Beyond motivation, the programme fundamentally seeks to establish the Mayibuye Learners Movement in high schools. This initiative is informed by the reality that learners are not merely recipients of education policy, but are directly affected by systemic failures such as overcrowded classrooms, collapsing infrastructure, unsafe scholar transport, under-resourced schools, and the erosion of learner dignity in working-class communities.
The Mayibuye Learners Movement is intended to organise learners into a conscious, disciplined, and principled formation that can articulate their lived experiences, defend their rights, promote academic excellence, and cultivate a generation of politically aware young people who understand the structural causes of inequality in education. It will serve as a platform to develop leadership, encourage civic responsibility, and ensure that learner voices are not marginalised in decisions that affect their futures.
This programme is therefore not symbolic, nor a once-off visit, but part of a broader strategy to build sustainable learner organisation across the country, restore dignity in public schooling, and contribute to the long-term struggle for social justice and the total emancipation of the youth.
Speaking during the visit, Keamogetswe Masike, President of the Afrika Mayibuye Youth Movement, said the campaign’s success would not be judged by appearances. “The success of the Back to School Campaign will not be measured through optics.

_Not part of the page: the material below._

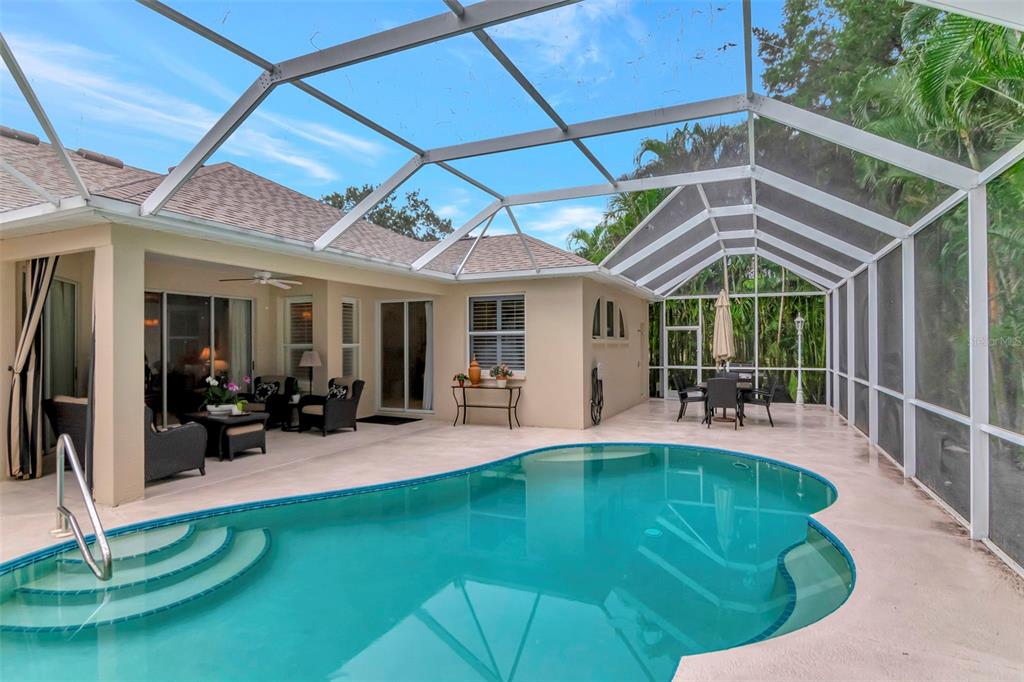 11209 Pine Lilly Place Lakewood Ranch, FL 34202 - Photo 26 of 26 a view of a lounge chairs in a patio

Instead, we measure impact through organisation, continuity, and material change. Our benchmarks include the establishment and sustainability of Mayibuye Learners Movement structures within schools; the development of learner leadership committees that are active, disciplined, and politically conscious; and the ability of learners to collectively articulate and escalate challenges affecting their education, including infrastructure decay, overcrowding, safety, and access to learning resources.”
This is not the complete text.